# [Activity]
Gather each line of the records where "Mimulus" appears.

Segment Start: Dataset records

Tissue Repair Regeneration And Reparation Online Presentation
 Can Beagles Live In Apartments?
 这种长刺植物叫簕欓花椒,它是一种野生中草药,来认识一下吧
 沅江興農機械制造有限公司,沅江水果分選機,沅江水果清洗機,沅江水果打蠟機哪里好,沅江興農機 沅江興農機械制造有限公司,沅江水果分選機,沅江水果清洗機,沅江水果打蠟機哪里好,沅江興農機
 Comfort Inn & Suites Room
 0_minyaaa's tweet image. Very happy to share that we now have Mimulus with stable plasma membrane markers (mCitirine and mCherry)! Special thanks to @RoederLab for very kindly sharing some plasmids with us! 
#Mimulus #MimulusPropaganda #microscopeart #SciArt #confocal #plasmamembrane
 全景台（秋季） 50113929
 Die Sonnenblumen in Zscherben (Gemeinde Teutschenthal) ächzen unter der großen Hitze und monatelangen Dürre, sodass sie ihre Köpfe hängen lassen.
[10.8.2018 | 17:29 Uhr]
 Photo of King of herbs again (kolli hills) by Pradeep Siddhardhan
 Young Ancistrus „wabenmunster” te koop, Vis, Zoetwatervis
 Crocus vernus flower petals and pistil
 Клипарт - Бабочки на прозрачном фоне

Segment End: Dataset records

# [Task output]
 0_minyaaa's tweet image. Very happy to share that we now have Mimulus with stable plasma membrane markers (mCitirine and mCherry)! Special thanks to @RoederLab for very kindly sharing some plasmids with us! 
#Mimulus #MimulusPropaganda #microscopeart #SciArt #confocal #plasmamembrane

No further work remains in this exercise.